Onlarca Padişahı, Şehzadeyi ve efsane aşkları bağrında taşıyan binlerce kültüre kapısını açan Anadolu’nun kalb atışlarına dokundum ve bir tarihi tüm çıplaklığı ile burada hissettim. Bir gün boyunca yolda seyahat ettik bir "otobüs" insanları ancak bu şekil eziyet çektirebilir sıkabilir ve uykusuz uykusuz uyalayabilir.... Eğer yetkim olsaydı Amasya’da yada yakın bir yerde bir Havalimanı yaptırırdım adına da "Seydayê Cegerxwîn" koyardım ama ne yazık ki sadece yetkililere seslenme yetkim var , acilen Amasya’nın bir Havalimanına ihtiyacı var bilgilerinize arz ederim.

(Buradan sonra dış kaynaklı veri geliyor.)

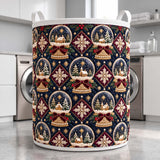 Navy Snow Globes | Quilted Laundry Basket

Amasya yolculuğumuzda Camilerin yani sıra Ferhat ile Şirin aşk efsanesinin yaşanıldığı dağları gördük.
"Zaten dağlarımızda aşklar bitiyordu
Efsanelerimizde özgürlük türküsü tütüyordu"
sanki uzun bir aradan sonra bir dostumuzu görmüş olduk etkilenmemek duygulanmamak elden değil. Ferhat dağları nasıl delmiş o kayaları o engin taşları nasıl oyabilmiş tek bir sebebi ve tek bir mantığı düşünülebilir o da şüphesiz ki "aşkın gücü" ve "aşk uğruna dağları nasıl delindiğidir".
"Biz önce dağlara sahiplendik biz ki özgürlük türkülerini seslendirdik
Dağların yüceliklerine kardeşliği haykırdık
İnsan insana kavuşmadı Amasya’m
ama dağlardan dağlara kavuştuk."
bize öncelikle "kardeşlikten, islam beraberliğinden" söz ettiler sözde önden gelenleri, aslında bu lafları duyduğumda biraz irkildim çünkü Kürtler olarak tarih boyunca hep böyle kandırıldık uyalandık bilmemiz gerekir ki "kardeşlik" bir hukuk sistemi yada anayasal güvence değildir bize birlikte yaşam perspektifinden ve ortak tarihten söz ettiler. Osmanlı’yı anlatarak size tarihinizi anlatıyoruz demekten çekinmediler azıcık düşündüm ki islam bizi bir araya getirdiyse Hz Muhammed’in ve islam tarihini anlatıp bu lafları etseydi daha inandırıcı gelirlerdi.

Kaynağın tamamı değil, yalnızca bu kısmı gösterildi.